No Literary Awards or Medals from Tyrant!

By 
Elie Chalala
Left

On May 6, Mouin al-Bayari, a frequent contributor to Al Hayat newspaper, published a column "Zakaria Tamer...the Award and the Criticism." Zakaria Tamer is a prominent Syrian literary figure, widely read and translated. Alongside his work as a journalist and editor, he has written stories and is known for his satirical style. Given his humble background, Zakaria’s work is often preoccupied with social and economic themes.

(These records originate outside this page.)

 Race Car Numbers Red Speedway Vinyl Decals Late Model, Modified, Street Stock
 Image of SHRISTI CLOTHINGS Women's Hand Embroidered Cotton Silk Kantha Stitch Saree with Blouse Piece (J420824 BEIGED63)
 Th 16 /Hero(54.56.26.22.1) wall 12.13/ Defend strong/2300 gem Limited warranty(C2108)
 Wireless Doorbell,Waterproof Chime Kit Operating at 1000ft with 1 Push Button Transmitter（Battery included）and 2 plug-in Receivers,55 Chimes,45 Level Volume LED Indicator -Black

The two were recently brought together by a post made by Tamer on his Facebook, in which he voiced some very harsh and sarcastic criticisms of Syrian president Bashar al-Asad. Bayari cited the following from Tamer's post: “Is the current Syrian president aware that Syrian mothers do not give birth to children only to have his assistants kill them, so that he can hasten the establishment of the Republic of Graves, which is likely to replace the Syrian Arab Republic?" Tamer adds, "the so-called Bashar al-Assad wished to visit the Golan Heights as a liberator," but apparently lost his way and instead visited the neighborhood Baba Amr in Homs as if it was a Syrian liberated territory." This seems to have encouraged Bayari to demand that Mr. Tamer renounce the medal given to him by Assad in 2002 (the same medal given to another Syrian novelist, Hanna Minah).

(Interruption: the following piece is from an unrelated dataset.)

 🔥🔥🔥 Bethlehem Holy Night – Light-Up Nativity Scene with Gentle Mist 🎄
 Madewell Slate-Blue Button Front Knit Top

But Mr. Bayari has a point: if the value of the medal in question is based on the assumption that the president was honoring the artist’s creativity and contributions to the culture of his society on behalf of the Syrian people, the validity of such and assumption is at the very least questionable. Considering the mayhem that the president has visited upon those very same Syrian people, his right to bestow honors on their behalf would seem to be up for debate. Perhaps Bayari is calling upon Hanna Minah to return his medal, as well? At the same time, Bayari commends the Egyptian novelist Baha Taher for returning the Mubarak literary prize he won in 2009, at the beginning of the Egyptian revolution, without even waiting for Mubarak to be overthrown.

Bayari also has criticized the Egyptian intellectual Jaber Asfour, who received the Moammar Qaddafi prize and then later attempted to justify it by promising to donate it to the Libyan people. Asfour has lost much credibility as a result of this justification, and the shallow reasoning offered for the Qaddafi Prize is as unconvincing as the argument he offered for accepting Mubarak's invitation to join his cabinet in the early days of the revolution only to change his mind later on. But Bayari really goes too far in introducing Mahmoud Darwish's acceptance of Zine El Abidine Ben Ali's medal when he makes the problematic claim that, had the Palestinian poet lived longer, he would have turned it down. Ben Ali was not Qaddafi, and Asfour did not have to wait until the outbreak of the Libyan revolution to discover that Qaddafi was a tyrant. And it is no apology to make the observation that Ben Ali, for all of his authoritarianism, was essentially a junior tyrant compared to Qaddafi and Bashar al-Assad.

Zakaria Tamer is certainly not the only Syrian intellectual who has been called upon to denounce the massacres that have befallen the Syrian people over the past 14 months. Many others have chosen to be silent, and they cannot be excused. They are not simply private individuals; they are public figures, whether they accept this or not, and the creative works they authored were read by the Syrian people. The very least they can do in honoring the more than 12,000 martyrs is to tell the whole world that no honors or medals can be accepted from their killers.